Setra Systems, Inc.
- Company type: Subsidiary of Fortive
- Traded as: NYSE: FTV; S&P 500 Component;
- Industry: Electronics Industrial manufacturing
- Founded: 1967; 59 years ago
- Headquarters: Boxborough, Massachusetts, U.S.
- Products: Pressure Sensors, Current Sensors, Indicators
- Number of employees: 201-500
- Parent: Fortive
- Website: www.setra.com

= Setra Systems =

Setra Systems is an American electronics company that manufactures electronic instruments that measure pressure, acceleration, and weight. The company's products are used chiefly in industrial manufacturing. Setra Systems is a fully owned subsidiary of Fortive since 2000.

Setra Technology Park is located in Boxborough, MA. Setra's range of products also cater to agricultural, medical, and semi-conductor industries apart from the existing OEM, barometric, HVAC/R, environmental, test and measurement, food and pharmaceutical industries.

==History==
Founded in 1967, Setra Systems, Inc. is a USA-based designer and manufacturer of pressure, humidity and current sensing products for the HVAC industry. The company was founded by Yao-Tzu Li and Shih-Ying Lee, brothers and former professors of engineering at MIT, who co-developed the variable capacitance transduction principle, the force sensing technology which is the basis of Setra's products.

In 2001, Setra was acquired by Danaher Corporation.

==Products==
Setra's range of products include differential pressure transmitters, low differential pressure transducer, wet-to-wet differential pressure transducer, gauge pressure transmitters, current switches and sensors, humidity sensors and vacuum sensors.

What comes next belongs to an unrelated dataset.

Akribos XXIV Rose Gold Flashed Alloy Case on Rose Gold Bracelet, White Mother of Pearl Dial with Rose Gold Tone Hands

The engineering and research efforts of Setra have been put into the development of transmitters and transducers designed using the variable capacitive transduction principle.

Setra has applications in various industries such as OEM, barometric, HVAC/R, environmental, test and measurement, food and pharmaceutical industries and has ventured into building automation, agricultural, medical and semi-conductor industries.